As early as 1979, authors evoked the promise of Artificial Intelligence (AI) to provide diagnostic and therapeutic recommendations for patients in the intensive care unit (ICU) [1]. In the past several years the potential applications of AI in the ICU have skyrocketed [2,3]. Yet, there are few outcome studies of AI models implemented in routine clinical care [2]. This is a notable problem given that AI models are beginning to be integrated into clinical care. Sepsis predictive models for example are currently in use at 54% of large hospitals in the United States [4]. In the midst of this growing use of AI in critical care medicine, it is now more important than ever to ensure that we are addressing sources of bias to promote both fairness and health equity.

AI in health care should support the goal of achieving health equity. The U.S. Department of Health and Human Services, through Healthy People 2030, has defined health equity as “the attainment of the highest level of health for all people” and goes on to say “[a]chieving health equity requires valuing everyone equally with focused and ongoing societal efforts to address avoidable inequalities, historical and contemporary injustices, and the elimination of health and health care disparities [5].” Some have conceptualized bias in AI by using fairness [6,7]. Fairness is “absence of any prejudice or favoritism toward an individual or group based on their inherent or acquired characteristics” [6]. An unfair algorithm is biased toward or against a particular individual or subpopulation [7]. However, fairness is only one approach to achieving an overall goal of health equity. In fact it has been argued that some have pursued mathematical definitions of algorithmic fairness at the expense of substantive equality [8].

Without careful attention to bias across the AI lifecycle, from conceptualization to implementation, there is potential to entrench and exacerbate systemic health care inequities. For critically ill patients, this could manifest as delayed diagnosis or treatment, unequal resource allocation, and poor outcomes (e.g., longer ICU stays, increased complications, worse functional status at discharge, and increased mortality). Critically ill patients are in highly monitored settings, generating substantial amounts of data. Clinicians monitor these data, looking for patterns to guide clinical care. AI models could flourish in this data rich environment, potentially identifying patterns not recognizable to humans. However, with this potential comes the risk of introducing concealed bias.

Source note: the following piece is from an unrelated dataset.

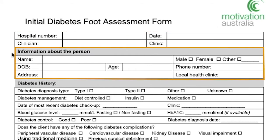Next, work through the person's information, such as their name, date of birth, gender, phone number, address, and which clinic they attend.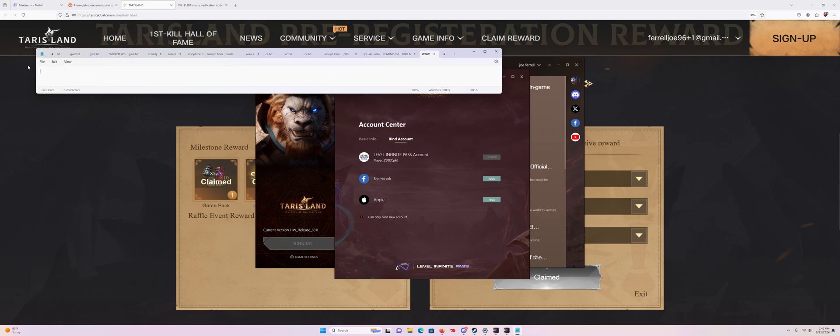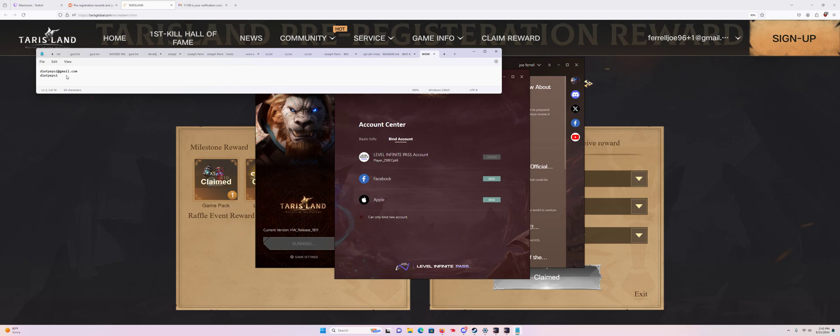So you type it in like this. Say your email is this. You type in your email with plus one before the at sign.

In this review, we explore sources of potential bias throughout the AI lifecycle, including task definition, data selection, model development and validation, model deployment, model clinical evaluation and continuous model monitoring. We prioritize examples from the critical care literature where possible; however, due to the limited number of studies on AI models implemented in critical care, and even fewer that investigate the equity of these AI interventions, we also incorporate examples from the wider medical literature as well as hypothetical scenarios. We believe this retains value because anticipating bias is difficult, but even hypothetical examples can concretize otherwise abstract concepts. A conceptual framework for bias in the AI lifecycle is shown in Fig. 1.